=== GIVEN DATA ===
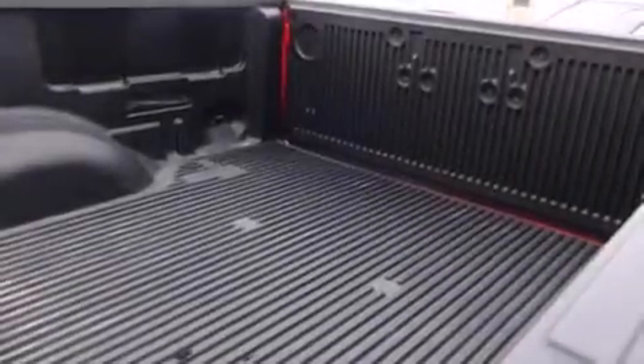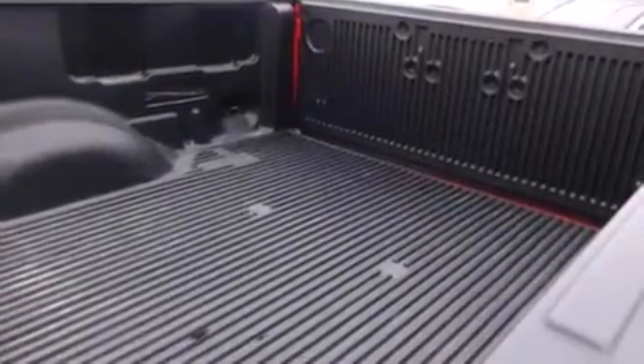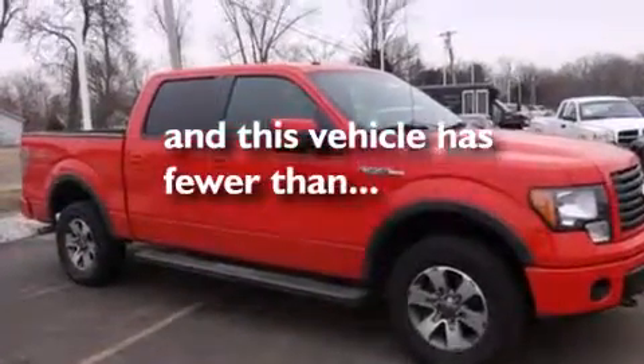Also included are premium fog lights, dusk sensing headlights, tinted glass, and this vehicle has fewer than 30,000 miles on the odometer.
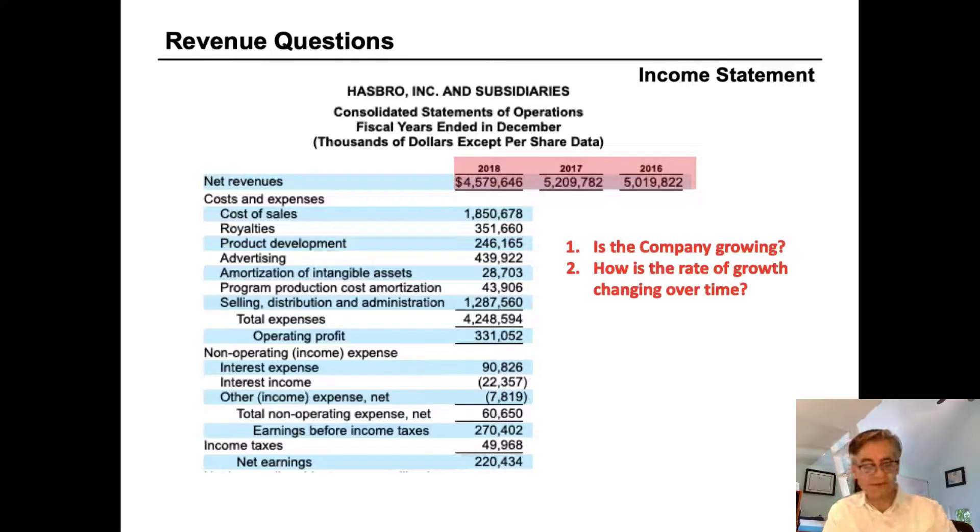The income statement doesn't tell us why the decline happened, but we can read the MD&A in the 10-K filing. What we'd find is that Hasbro's growth in 2017 resulted from winning the contract to make Disney Princess and Marvel toys, benefiting from a strong slate of movie releases that stoked demand. In 2018, the story changed as their largest customer, Toys R Us, declared bankruptcy — leading to a decline in top line sales.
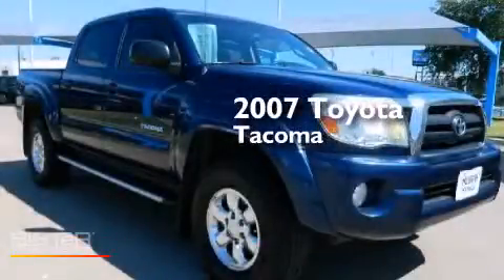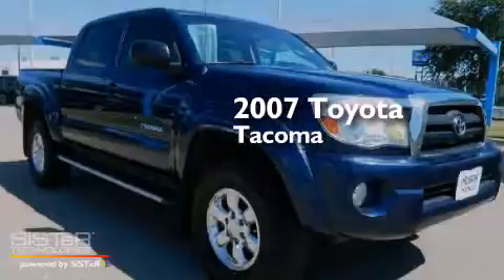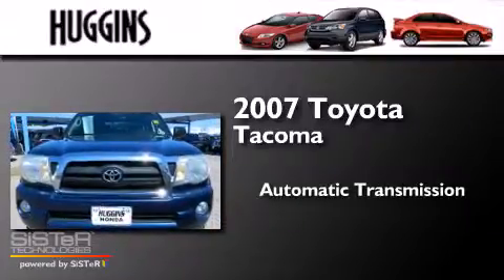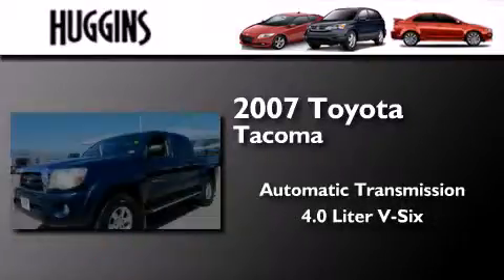This is a 2007 Toyota Tacoma. This truck has an automatic transmission and a 4.0L V6.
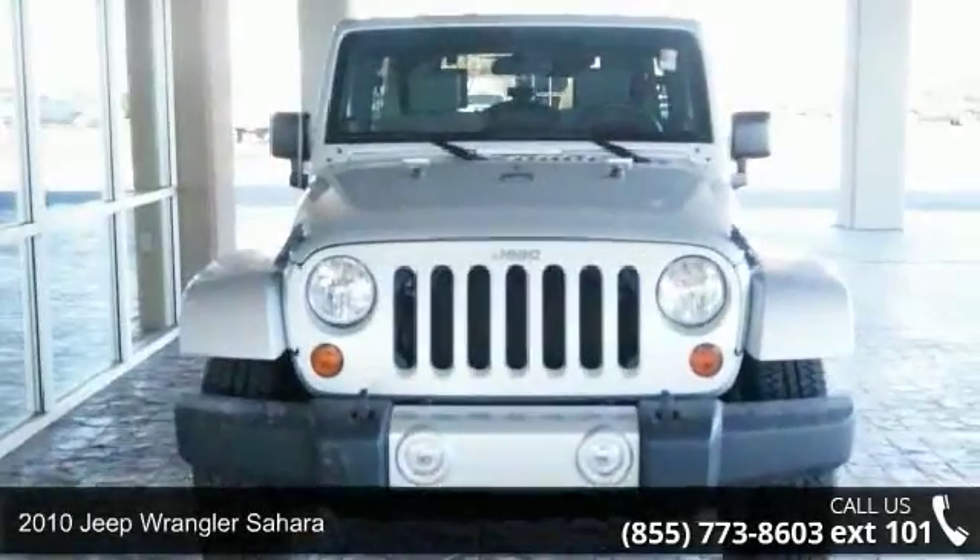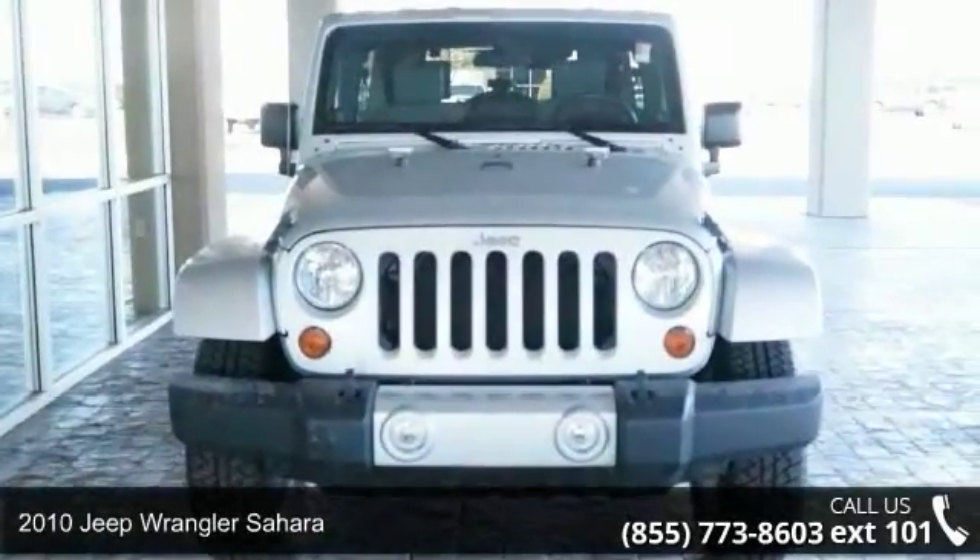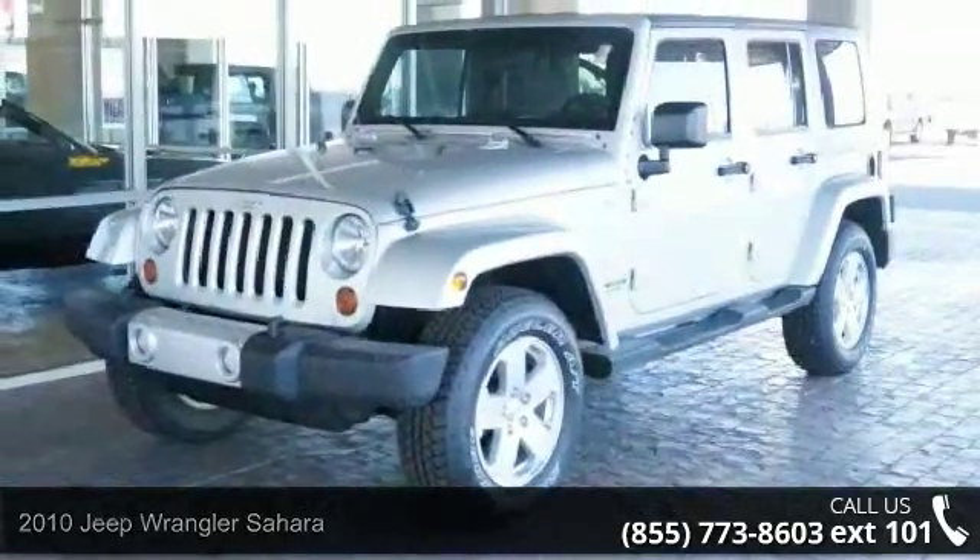Step into the 2010 Jeep Wrangler Sahara. If you are looking for a first-rate auto, this one could be yours today.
===
Repeat the material above in full and unchanged, minus its images.

Also included are premium fog lights, dusk sensing headlights, tinted glass, and this vehicle has fewer than 30,000 miles on the odometer.
The income statement doesn't tell us why the decline happened, but we can read the MD&A in the 10-K filing. What we'd find is that Hasbro's growth in 2017 resulted from winning the contract to make Disney Princess and Marvel toys, benefiting from a strong slate of movie releases that stoked demand. In 2018, the story changed as their largest customer, Toys R Us, declared bankruptcy — leading to a decline in top line sales.
This is a 2007 Toyota Tacoma. This truck has an automatic transmission and a 4.0L V6.
Step into the 2010 Jeep Wrangler Sahara. If you are looking for a first-rate auto, this one could be yours today.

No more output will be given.